Tam adı Fikret Mualla Saygı olan sanatçı 1903 yılında İstanbul’da dünyaya geldi. Babası Osmanlı’da Duyun-u Umumiye ikinci müdürü Mehmet Ekrem Bey, annesi ise Emine Nevber Hanım. Çocukluk yılları Kadıköy ve Bahariye çevrelerinde geçen Fikret’in futbola çok merakı vardı. Bu merakın kaynağı da Fenerbahçe’nin şuanda kullandığı amblemin yaratıcısı ve aynı zamanda dayısı olan Hikmet Topuzer’den başkası değildi
Galatasaray Lisesi’nde öğrenim gördüğü yıllarda futbol oynarken sağ ayağı kırıldı ve topal kaldı. Bu olay şüphesiz sanatçıda büyük bir sarsıntıya yol açtı. Daha sonraki yıllarda okuldan kaptığı ispanyol gribini evde taşıması sonucu annesi Nevber Hanım genç yaşta hayatını kaybetti. Bu olaydan sonra Fikret Mualla hayatı boyunca ondan ayrılmayacak olan bir suçluluk psikolojisi ile tanıştı. Artık sinirli ve uyumsuz birisi olmuştu. Liseyi bitirdikten sonra mühendislik eğitimi alması için İsviçre’ye gönderildi.
Oradaki hayatında resim ile tanıştı ve aynı zamanda onu sıkıntılarından uzaklaştıracak bir yöntem keşfetmişti kendince. 1. Dünya Savaşı yıllarında İsviçre’de parasız kaldı. Dönemin İsviçre Konsolosu Rıza Bey’in destekleriyle Almanya’ya resim eğitimi almaya gitti.

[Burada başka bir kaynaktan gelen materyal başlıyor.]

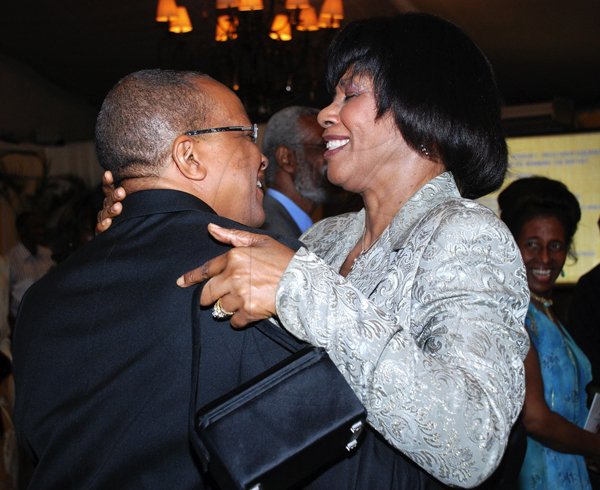 Colin Hamilton/Freelance Photographer
The Association of Consultant Physitians of Jamaica held it's 10th Annual President's Dinner in celebration of Jamaica's 50th Anniversary of Independence at the Terra Nova All Suites Hotel on Saturday September 8, 2012.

Münih Güzel Sanatlar Akademisi’nde afiş ve desinatörlük , Berlin Güzel Sanatlar Akademisi’nde ise resim eğitimi aldı. Almanya’da geçen eğitim hayatında babasının yaşadığı maddi zorluklar nedeniyle ona, dönemin Mısır Hidiv’i Abbas Halim Paşa destek olmuştur. Yaşadığı maddi zorluklar ve aynı zamanda bir ayağının topal olması onu utangaç bir kişiliğe bürünmesine sebep olmuştu. Bu nedenle resim yapmaktan kalan boş zamanlarında sadece içiyordu. İlk kez 1928 yılında Almanya’da bağımlılığı yüzünden tedavi gördü.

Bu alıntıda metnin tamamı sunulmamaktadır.